WORK TO COMPLETE:
Write out the data below in full, unchanged, minus the images.

DATA PROVIDED:
* * * *

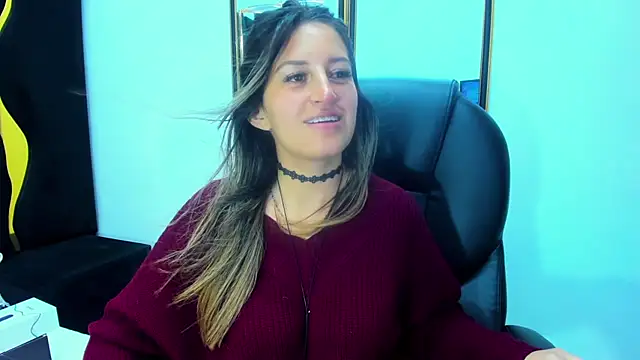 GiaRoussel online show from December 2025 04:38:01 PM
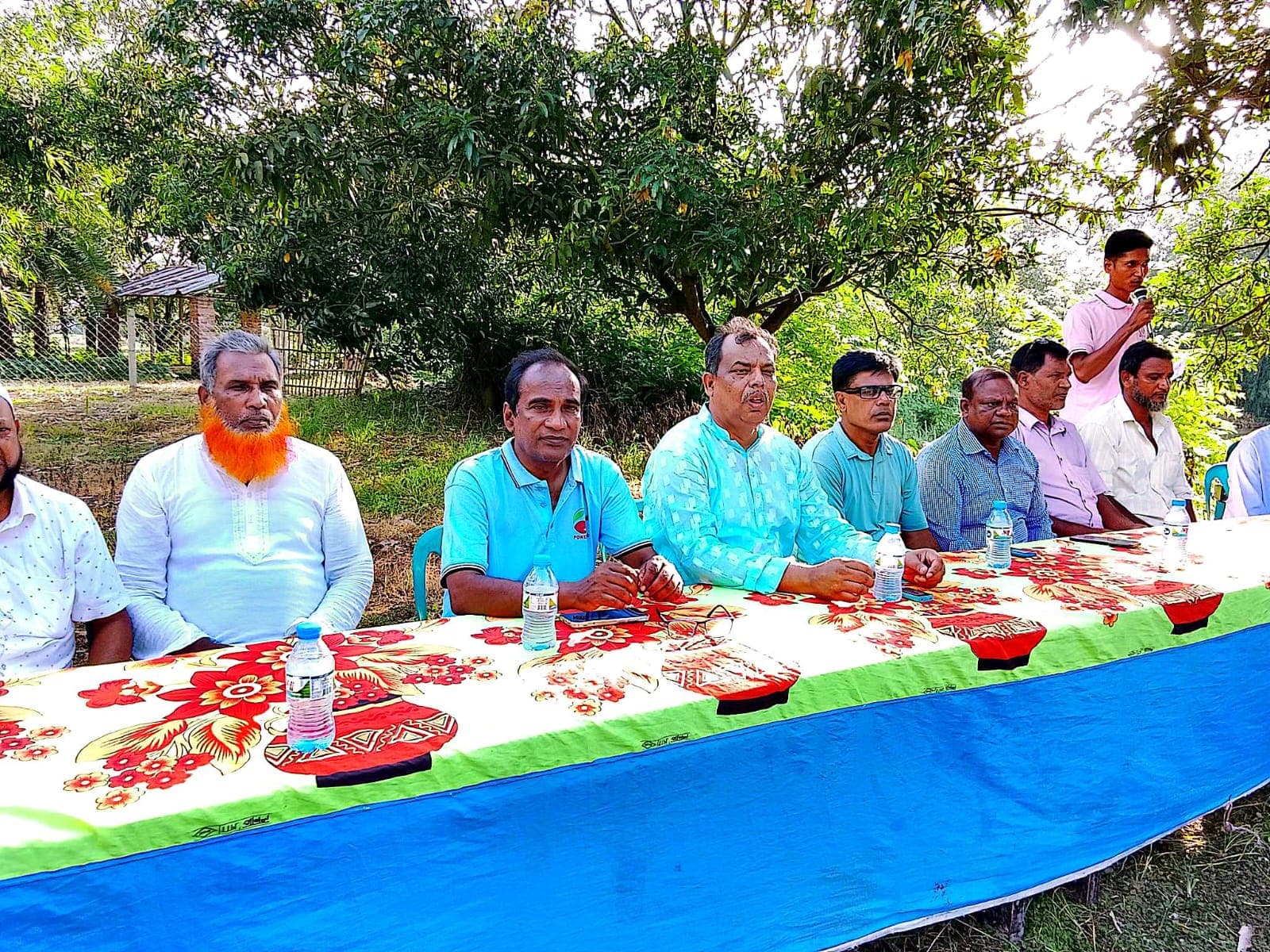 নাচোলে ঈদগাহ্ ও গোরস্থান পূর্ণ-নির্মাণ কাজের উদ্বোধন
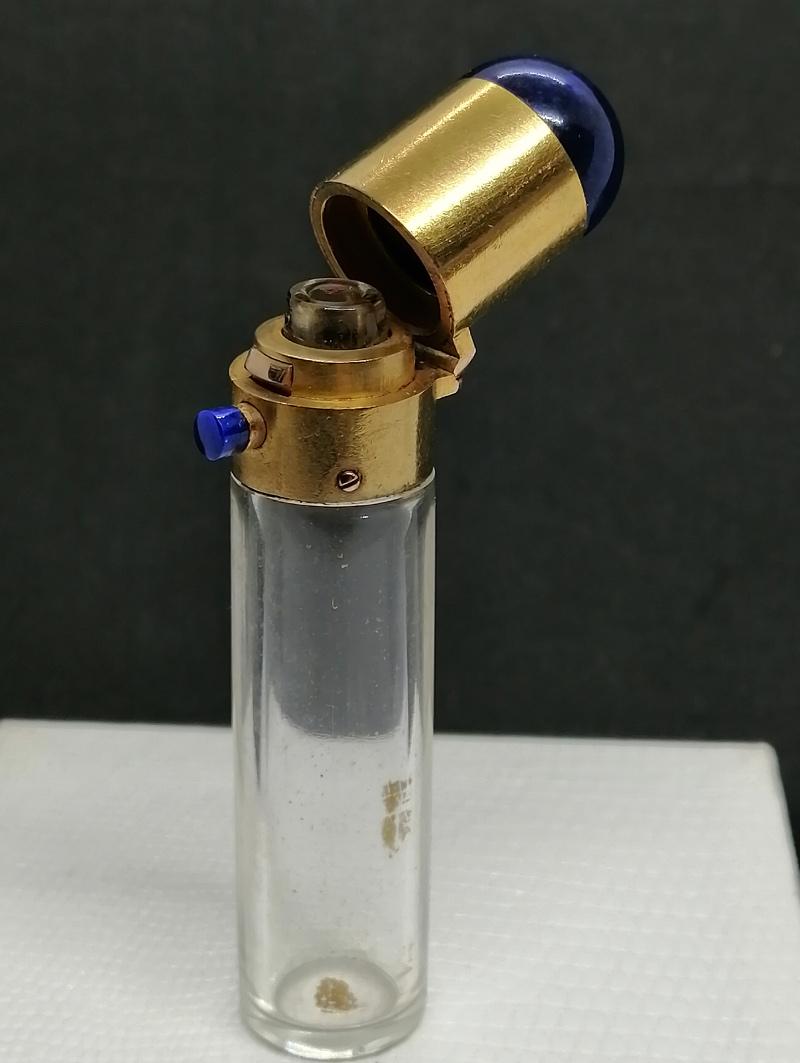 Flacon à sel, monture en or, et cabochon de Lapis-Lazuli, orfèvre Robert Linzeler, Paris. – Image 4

* * * *

REPLY TO THE TASK:
 GiaRoussel online show from December 2025 04:38:01 PM
 নাচোলে ঈদগাহ্ ও গোরস্থান পূর্ণ-নির্মাণ কাজের উদ্বোধন
 Flacon à sel, monture en or, et cabochon de Lapis-Lazuli, orfèvre Robert Linzeler, Paris. – Image 4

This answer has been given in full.